Action item: Each line of the listing must be transcribed exactly, except for the images, which should be excluded.

Dataset section:
________________________

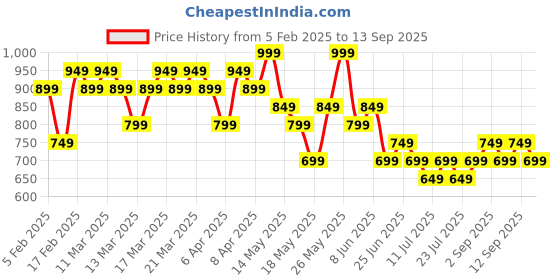 tatacliq.com gerua by libas Libas Purple Embroidered Kurta gerua by libas Price History Graph from 5 Feb 2025 to 13 Sep 2025
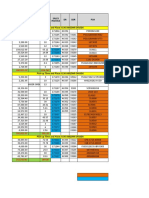 Kilos DR SDR Po# Pick-Up Time and Place: 6:30 Am/Omi Ofcdds Posted Amount Delivery Charge Sales Invoice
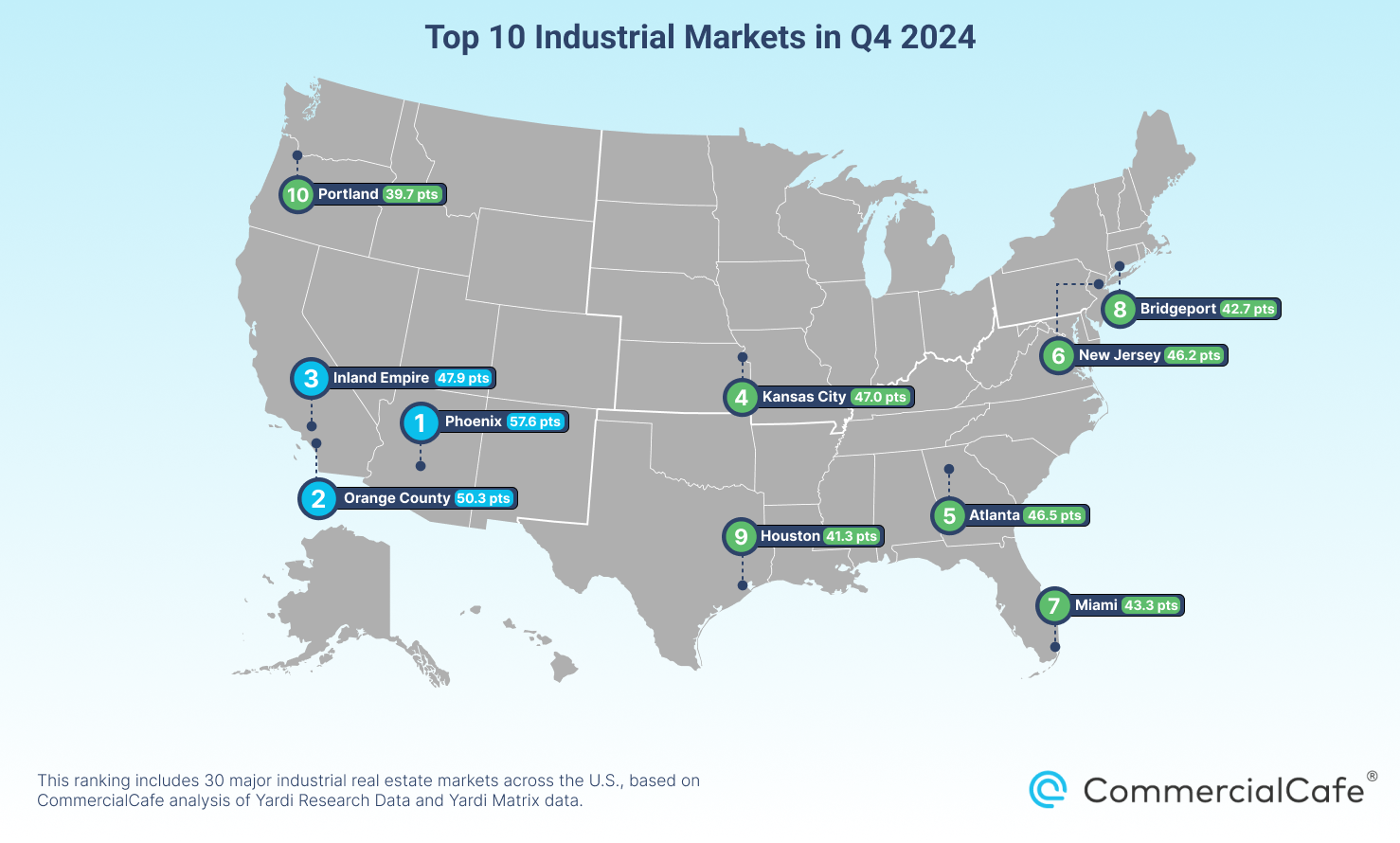 Map of top industrial markets in Q4 2024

________________________

Exercise response:
 tatacliq.com gerua by libas Libas Purple Embroidered Kurta gerua by libas Price History Graph from 5 Feb 2025 to 13 Sep 2025
 Kilos DR SDR Po# Pick-Up Time and Place: 6:30 Am/Omi Ofcdds Posted Amount Delivery Charge Sales Invoice
 Map of top industrial markets in Q4 2024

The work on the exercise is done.